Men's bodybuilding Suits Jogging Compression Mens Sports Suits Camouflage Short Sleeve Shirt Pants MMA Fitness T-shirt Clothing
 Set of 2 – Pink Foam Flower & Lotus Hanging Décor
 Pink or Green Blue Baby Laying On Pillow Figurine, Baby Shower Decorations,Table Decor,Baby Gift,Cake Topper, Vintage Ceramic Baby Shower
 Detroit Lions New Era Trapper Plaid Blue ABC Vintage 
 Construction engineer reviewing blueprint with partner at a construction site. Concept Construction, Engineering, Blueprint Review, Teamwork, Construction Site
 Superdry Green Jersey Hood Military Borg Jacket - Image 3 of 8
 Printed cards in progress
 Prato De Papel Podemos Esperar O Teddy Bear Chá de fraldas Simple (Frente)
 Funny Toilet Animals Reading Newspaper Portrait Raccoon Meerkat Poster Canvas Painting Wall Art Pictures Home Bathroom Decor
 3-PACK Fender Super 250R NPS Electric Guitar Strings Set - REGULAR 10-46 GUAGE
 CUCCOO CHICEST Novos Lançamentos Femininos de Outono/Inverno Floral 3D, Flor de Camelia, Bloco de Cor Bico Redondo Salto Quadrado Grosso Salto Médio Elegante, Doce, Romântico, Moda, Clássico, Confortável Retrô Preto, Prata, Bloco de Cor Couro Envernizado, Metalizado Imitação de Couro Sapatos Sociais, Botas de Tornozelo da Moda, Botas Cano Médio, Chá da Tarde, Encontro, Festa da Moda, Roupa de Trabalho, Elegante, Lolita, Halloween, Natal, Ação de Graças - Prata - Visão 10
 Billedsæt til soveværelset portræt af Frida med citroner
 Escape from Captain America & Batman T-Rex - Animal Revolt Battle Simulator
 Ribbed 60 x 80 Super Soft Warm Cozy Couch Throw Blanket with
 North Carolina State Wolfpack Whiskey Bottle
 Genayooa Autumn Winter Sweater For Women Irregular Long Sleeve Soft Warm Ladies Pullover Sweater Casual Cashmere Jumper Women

※ ※ ※

Task brief —
Each line of the material above that includes the word "Pink" counts once; give the total number alone.

Task result —
2